GPU instances are not available in the current beta. For heavy inference, use Workers AI (which runs on Cloudflare's GPU fleet) and call it from your Worker or container. Use containers for CPU-bound preprocessing, postprocessing, or custom Python toolchains around Workers AI calls.

06 — CONFIGURATION

WRANGLER.TOML CONFIGURATION

Containers are declared in wrangler.toml alongside your Durable Object bindings.
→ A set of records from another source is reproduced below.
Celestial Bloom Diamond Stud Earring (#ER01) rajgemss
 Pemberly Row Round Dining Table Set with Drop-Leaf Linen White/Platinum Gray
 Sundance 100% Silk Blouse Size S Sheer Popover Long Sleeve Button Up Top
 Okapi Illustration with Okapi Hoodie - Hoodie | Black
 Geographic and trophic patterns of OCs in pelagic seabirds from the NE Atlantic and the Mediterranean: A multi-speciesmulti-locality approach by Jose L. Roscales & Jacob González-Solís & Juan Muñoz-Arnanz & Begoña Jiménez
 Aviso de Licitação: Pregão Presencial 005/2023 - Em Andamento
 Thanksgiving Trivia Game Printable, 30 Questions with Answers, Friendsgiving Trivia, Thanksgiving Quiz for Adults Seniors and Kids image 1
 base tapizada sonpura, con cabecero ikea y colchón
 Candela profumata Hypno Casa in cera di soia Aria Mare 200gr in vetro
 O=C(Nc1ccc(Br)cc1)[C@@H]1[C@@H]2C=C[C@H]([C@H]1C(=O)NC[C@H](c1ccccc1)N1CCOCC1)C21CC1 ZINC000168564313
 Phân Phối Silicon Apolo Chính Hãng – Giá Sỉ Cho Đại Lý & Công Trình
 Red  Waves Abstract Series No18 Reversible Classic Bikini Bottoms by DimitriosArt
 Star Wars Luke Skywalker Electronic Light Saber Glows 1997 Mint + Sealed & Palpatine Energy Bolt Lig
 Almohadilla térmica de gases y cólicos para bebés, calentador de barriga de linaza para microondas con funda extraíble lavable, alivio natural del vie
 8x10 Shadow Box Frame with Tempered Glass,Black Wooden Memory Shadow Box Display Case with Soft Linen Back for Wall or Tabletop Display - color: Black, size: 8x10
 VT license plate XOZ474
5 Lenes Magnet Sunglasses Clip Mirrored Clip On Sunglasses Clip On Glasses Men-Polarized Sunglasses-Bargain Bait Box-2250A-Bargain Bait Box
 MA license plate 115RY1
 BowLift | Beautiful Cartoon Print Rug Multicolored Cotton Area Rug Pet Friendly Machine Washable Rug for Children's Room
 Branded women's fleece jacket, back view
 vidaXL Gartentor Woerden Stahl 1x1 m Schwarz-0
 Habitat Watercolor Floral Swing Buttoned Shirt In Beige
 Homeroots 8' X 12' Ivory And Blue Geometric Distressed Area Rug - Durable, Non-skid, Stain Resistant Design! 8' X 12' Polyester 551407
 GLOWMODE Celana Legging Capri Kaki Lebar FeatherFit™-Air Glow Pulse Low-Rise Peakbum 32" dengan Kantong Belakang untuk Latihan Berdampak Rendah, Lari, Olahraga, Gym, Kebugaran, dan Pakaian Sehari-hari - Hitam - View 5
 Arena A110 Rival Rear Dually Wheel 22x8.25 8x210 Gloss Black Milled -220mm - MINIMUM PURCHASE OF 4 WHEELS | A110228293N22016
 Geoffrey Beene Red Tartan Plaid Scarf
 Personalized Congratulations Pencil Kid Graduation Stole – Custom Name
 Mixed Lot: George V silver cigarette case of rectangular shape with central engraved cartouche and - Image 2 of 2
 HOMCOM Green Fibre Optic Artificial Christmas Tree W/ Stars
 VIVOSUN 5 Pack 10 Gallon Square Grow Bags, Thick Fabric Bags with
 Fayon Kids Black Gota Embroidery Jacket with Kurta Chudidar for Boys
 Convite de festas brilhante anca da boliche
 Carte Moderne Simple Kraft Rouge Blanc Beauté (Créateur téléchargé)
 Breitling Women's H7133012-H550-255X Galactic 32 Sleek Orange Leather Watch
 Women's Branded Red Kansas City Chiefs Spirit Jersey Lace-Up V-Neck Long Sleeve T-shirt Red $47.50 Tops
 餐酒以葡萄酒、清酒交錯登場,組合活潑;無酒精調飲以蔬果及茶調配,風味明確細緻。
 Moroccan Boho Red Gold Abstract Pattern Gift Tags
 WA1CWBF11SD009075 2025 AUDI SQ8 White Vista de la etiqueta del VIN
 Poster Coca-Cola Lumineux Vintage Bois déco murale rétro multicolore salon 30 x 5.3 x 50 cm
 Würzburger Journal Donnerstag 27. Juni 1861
The class_name field is the bridge — it must match the Durable Object class that manages the container lifecycle.

name = "my-worker"
main = "src/index.ts"
compatibility_date = "2026-01-01"

# ── Container declaration ─────────────────────────────────
[[containers]]
class_name = "MyContainer"      # Must match a Durable Object class
image = "./Dockerfile"          # Local Dockerfile, or registry URL
instance_type = "basic"         # lite | basic | standard-1..4 | custom
max_instances = 10              # Default: 20 (stopped don't count)

# ── Durable Object binding ─────────────────────────────────
[[durable_objects.bindings]]
name = "MY_CONTAINER"           # How you reference it in Worker code
class_name = "MyContainer"      # Same class_name as above

[[migrations]]
tag = "v1"
new_sqlite_classes = ["MyContainer"]

# ── For custom instance sizing ─────────────────────────────
# [[containers]]
# class_name = "HeavyWorker"
# image = "./Dockerfile.heavy"
# instance_type = "custom"
# [containers.resources]
# vcpu = 2.0
# memory_mib = 8192
# disk_mb = 15000

Referencing from Worker code

// src/index.ts
export default {
  async fetch(req: Request, env: Env): Promise<Response> {
    // Route to a specific container instance by ID
    const id = env.MY_CONTAINER.idFromName("session-abc123");
    const stub = env.MY_CONTAINER.get(id);

    // Forward the request to the container
    return stub.fetch(req);
  }
};

// Container Durable Object class
export class MyContainer extends Container {
  defaultPort = 8080;
  sleepAfter = "5m";             // Sleep after 5 minutes of inactivity

  override async containerStarted(): Promise<void> {
    console.log("Container is up and serving");
  }
}

07 — DEPLOYMENT

DEPLOYING CONTAINERS

Deployment is a single command — wrangler deploy — but it does more work under the hood than a standard Worker deploy.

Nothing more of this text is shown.